Why did Gilroy City Council need to hold a super-duper secret
closed session meeting on Election Day eve?
Why did Gilroy City Council need to hold a super-duper secret closed session meeting on Election Day eve?
We’re perplexed and extremely troubled by the council’s decision to invoke a little-used law to wrap an extra and unprecedented layer of secrecy around a City Council closed-session meeting.
Normally, when City Council, or any government agency, meets in closed session, they are required to report the general nature of the meeting (negotiations with a specific union, pending litigation and the case name, eminent domain and property information) before the meeting and any vote results after the meeting.
This is intended to give citizens some way of tracking the workings of their government while still allowing a measure of privacy for personnel matters or meetings with attorneys.
But recently, in an unprecedented move, Gilroy’s City Council invoked California code Section 54956.9(a) to discuss “pending litigation” without disclosing any details of the pending litigation under discussion. State law allows this when “disclosure would jeopardize existing settlement negotiations.”

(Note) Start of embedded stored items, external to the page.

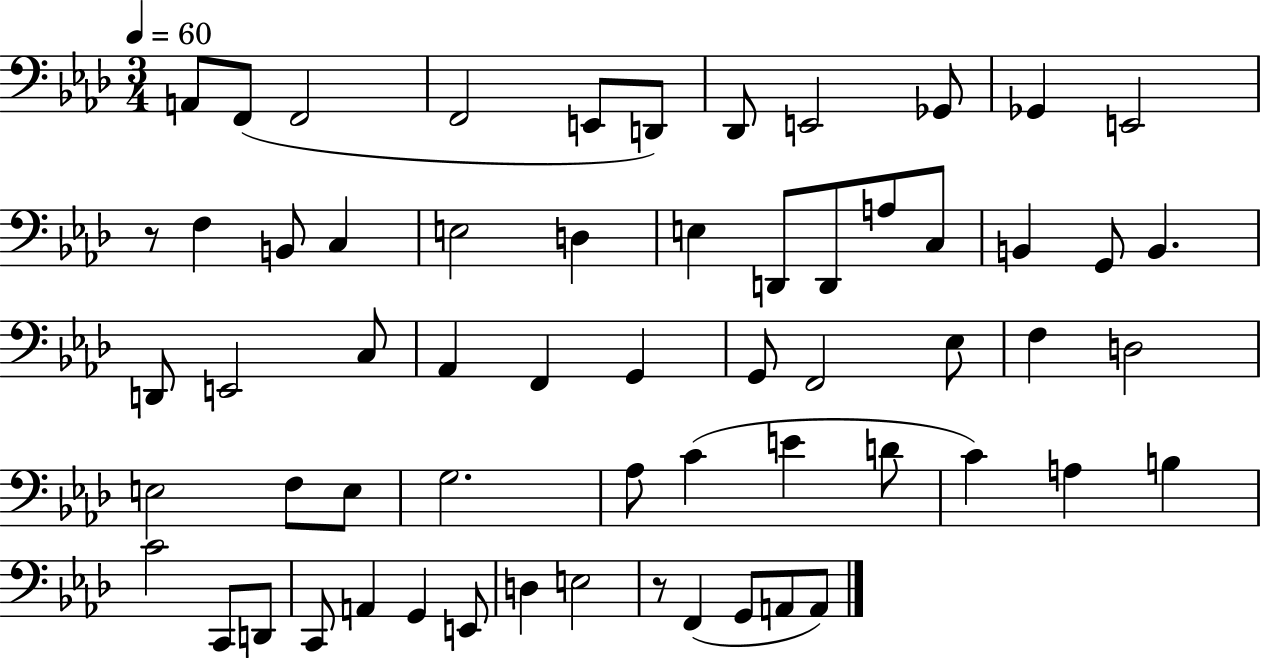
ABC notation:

X:1
T:Untitled
M:3/4
L:1/4
K:Ab
A,,/2 F,,/2 F,,2 F,,2 E,,/2 D,,/2 _D,,/2 E,,2 _G,,/2 _G,, E,,2 z/2 F, B,,/2 C, E,2 D, E, D,,/2 D,,/2 A,/2 C,/2 B,, G,,/2 B,, D,,/2 E,,2 C,/2 _A,, F,, G,, G,,/2 F,,2 _E,/2 F, D,2 E,2 F,/2 E,/2 G,2 _A,/2 C E D/2 C A, B, C2 C,,/2 D,,/2 C,,/2 A,, G,, E,,/2 D, E,2 z/2 F,, G,,/2 A,,/2 A,,/2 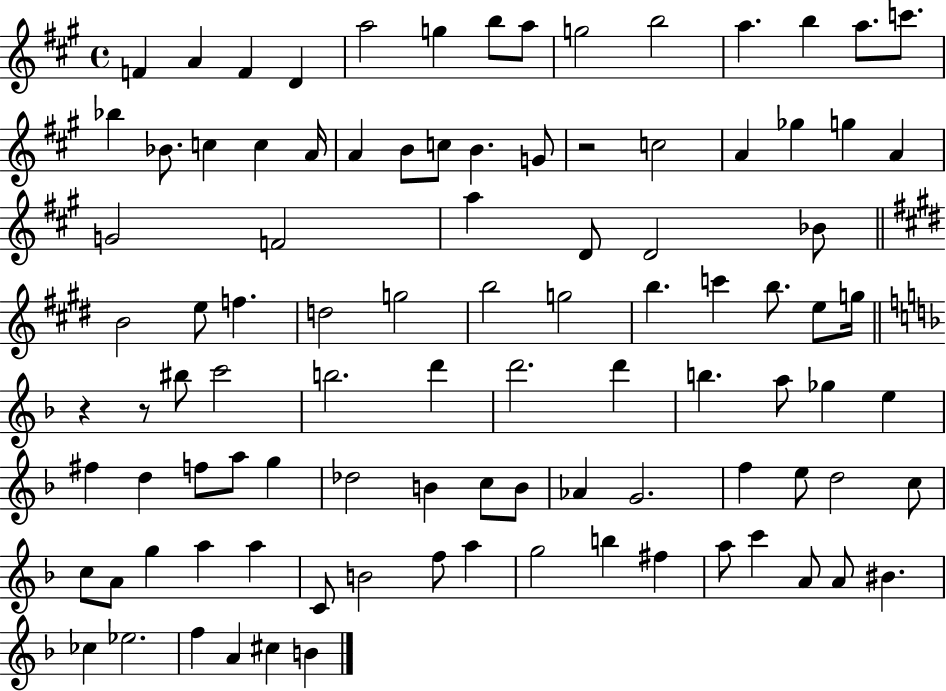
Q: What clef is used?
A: treble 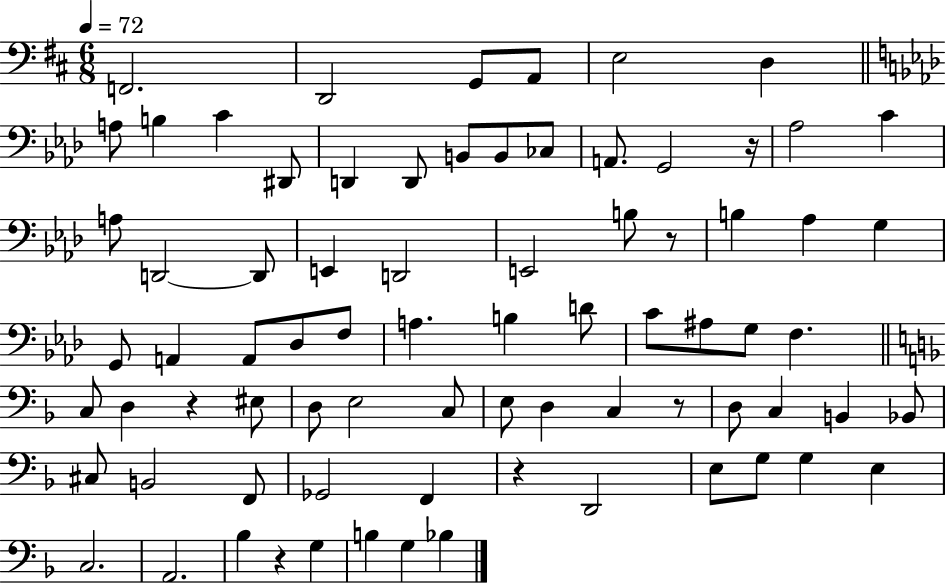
X:1
T:Untitled
M:6/8
L:1/4
K:D
F,,2 D,,2 G,,/2 A,,/2 E,2 D, A,/2 B, C ^D,,/2 D,, D,,/2 B,,/2 B,,/2 _C,/2 A,,/2 G,,2 z/4 _A,2 C A,/2 D,,2 D,,/2 E,, D,,2 E,,2 B,/2 z/2 B, _A, G, G,,/2 A,, A,,/2 _D,/2 F,/2 A, B, D/2 C/2 ^A,/2 G,/2 F, C,/2 D, z ^E,/2 D,/2 E,2 C,/2 E,/2 D, C, z/2 D,/2 C, B,, _B,,/2 ^C,/2 B,,2 F,,/2 _G,,2 F,, z D,,2 E,/2 G,/2 G, E, C,2 A,,2 _B, z G, B, G, _B, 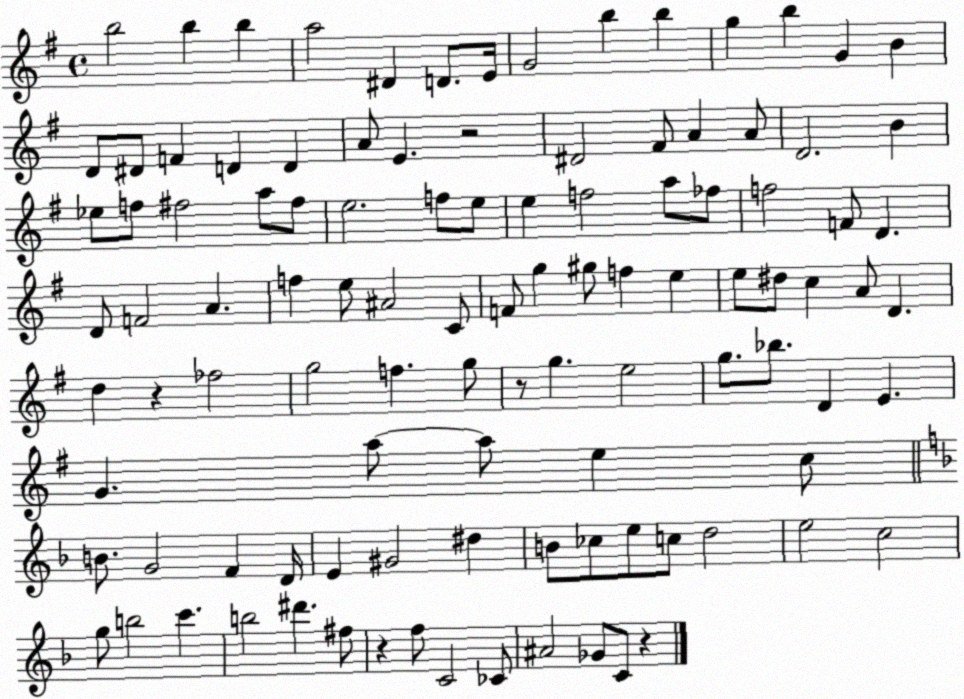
X:1
T:Untitled
M:4/4
L:1/4
K:G
b2 b b a2 ^D D/2 E/4 G2 b b g b G B D/2 ^D/2 F D D A/2 E z2 ^D2 ^F/2 A A/2 D2 B _e/2 f/2 ^f2 a/2 ^f/2 e2 f/2 e/2 e f2 a/2 _f/2 f2 F/2 D D/2 F2 A f e/2 ^A2 C/2 F/2 g ^g/2 f e e/2 ^d/2 c A/2 D d z _f2 g2 f g/2 z/2 g e2 g/2 _b/2 D E G a/2 a/2 e c/2 B/2 G2 F D/4 E ^G2 ^d B/2 _c/2 e/2 c/2 d2 e2 c2 g/2 b2 c' b2 ^d' ^f/2 z f/2 C2 _C/2 ^A2 _G/2 C/2 z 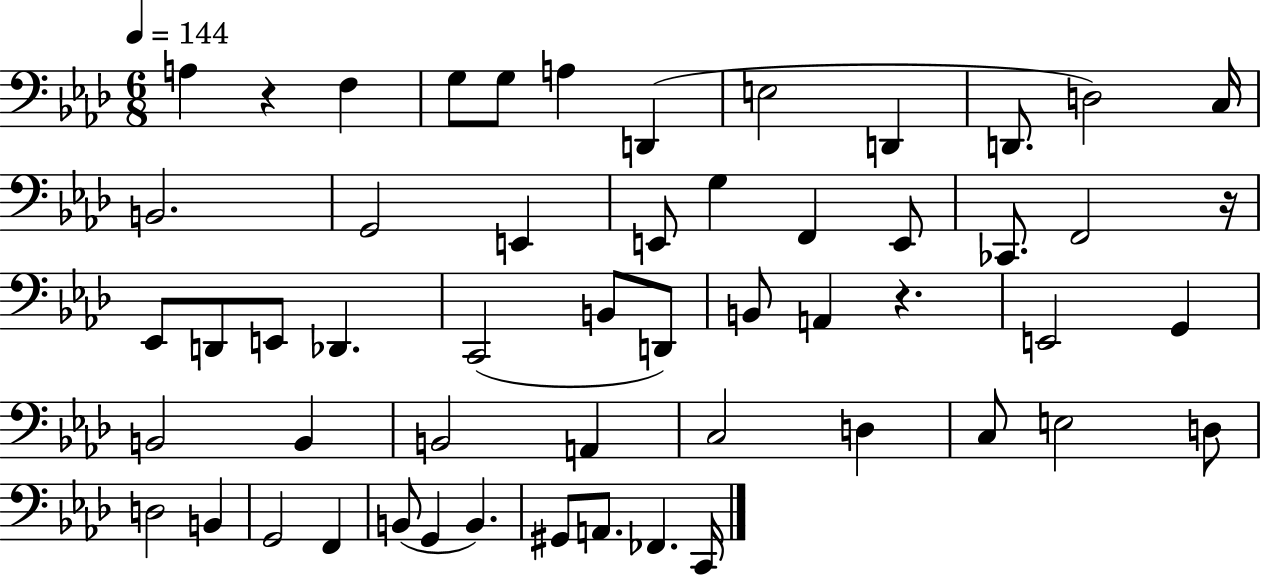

Predictably, this has promoted wild speculation. What could possibly require such aggressive secrecy?
The only comment anyone in the know has made about the super-duper secret closed session meeting is this one from Jay Baksa: ” was felt – and again the attorneys make this call – that by invoking this provision it would lead to the conclusion of this issue.”
Let’s be clear – attorneys, hopefully, are not running the city of Gilroy. The City Council should be, and by invoking this provision, what they have done is elevated this secret issue is to a level far beyond any other consideration that has come before the Council. It must be a matter of “Gilroy National Security.”
If it turns out otherwise, or if it’s an effort to hide something embarrassing to the city, but does not clearly meet a higher standard of need for, then the Council will have forfeited credibility on a closed-door matters.
All Gilroyans – and this includes its elected officials, their attorneys and city employees – need to remember for whom government works. Our elected representatives and their employees work for us, not the other way around.
It’s difficult to conceive of a plausible and legal scenario under which the city might legitimately hold this extra-secret closed meeting that meets not only the letter, but the or the spirit of the state law.
Above all else, save the security of this community, Gilroy’s elected officials, their attorneys and city employees should value the trust that Gilroyans have placed in them. Open and transparent government is the natural extension of that trust.
If this super-duper secret closed session meeting ends up illegitimate, it would represent a very seriou violation of trust. And that would be a sad state of governmental affairs in our community.